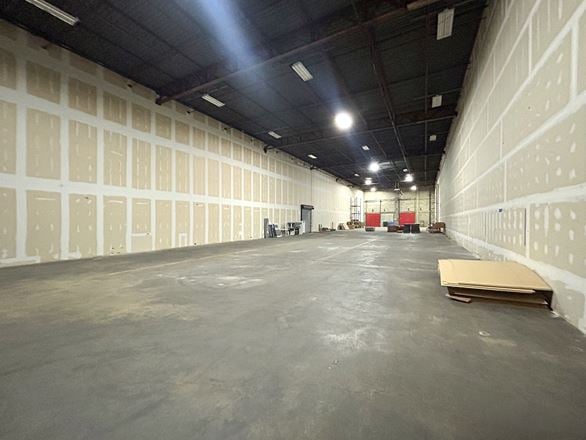 20,000 SF Distribution Warehouse Space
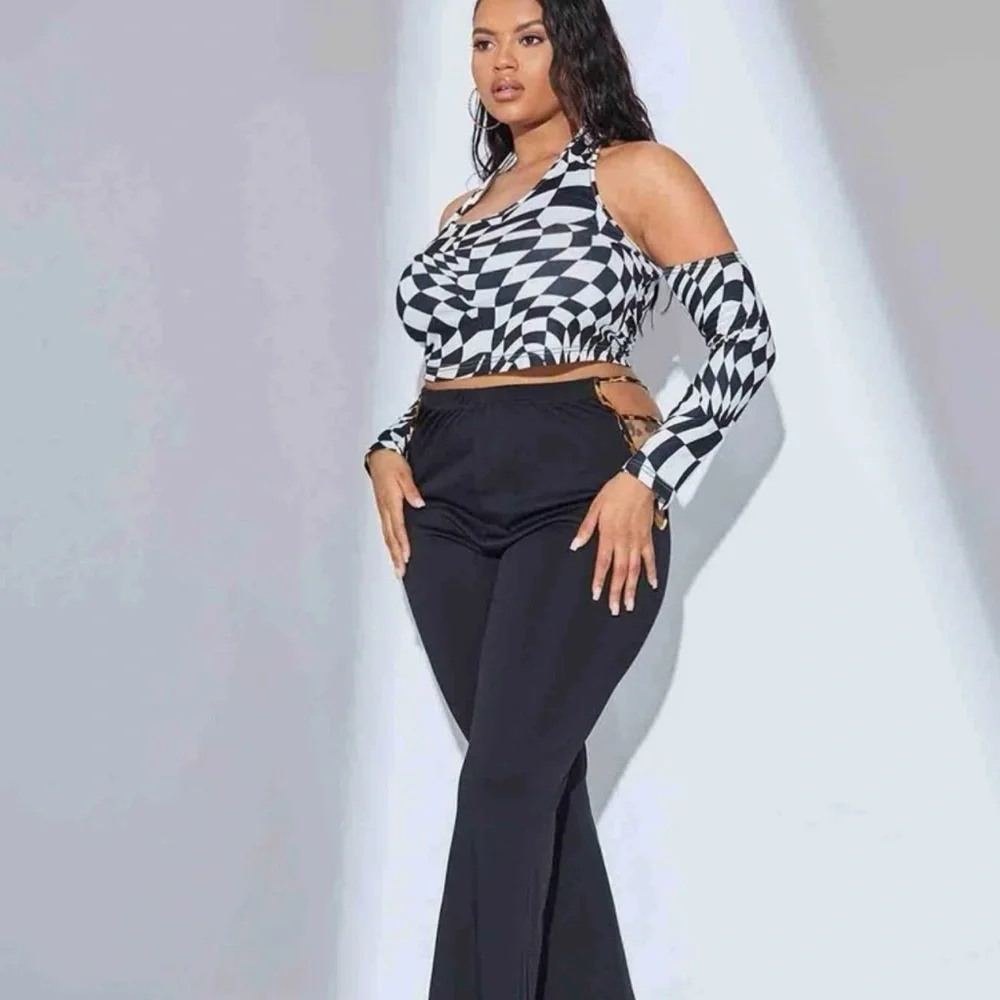 NEW Color Block Geo Cold Shoulder Cop Top - Picture 2 of 6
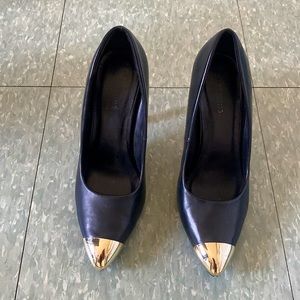 Black classic pump with gold tip - Size 10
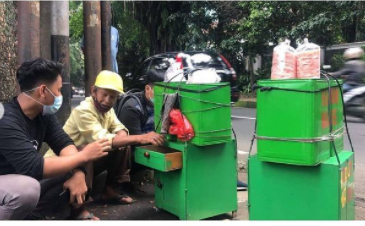 wajah pilu kakek renta penjual makanan keliling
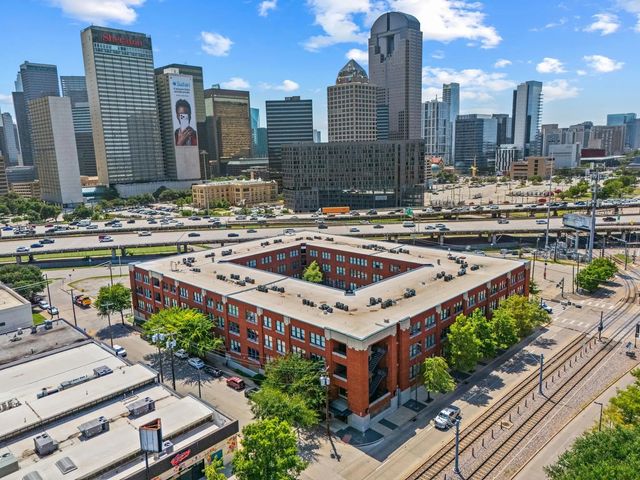 2502 Live Oak Street 235, Dallas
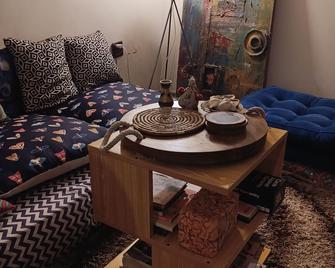 Aesthetic abode w/kitchen/living area and balcony. - Karachi - Vardagsrum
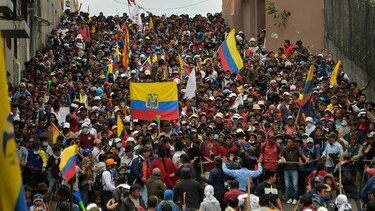 Miles de indígenas comienzan a marchar en Quito contra alza en precios de los combustibles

### EXERCISE OBJECTIVE
Transcribe each entry precisely as given, leaving the pictures out.

### RESPONSE FOR THIS EXERCISE
 20,000 SF Distribution Warehouse Space
 NEW Color Block Geo Cold Shoulder Cop Top - Picture 2 of 6
 Black classic pump with gold tip - Size 10
 wajah pilu kakek renta penjual makanan keliling
 2502 Live Oak Street 235, Dallas
 Aesthetic abode w/kitchen/living area and balcony. - Karachi - Vardagsrum
 Miles de indígenas comienzan a marchar en Quito contra alza en precios de los combustibles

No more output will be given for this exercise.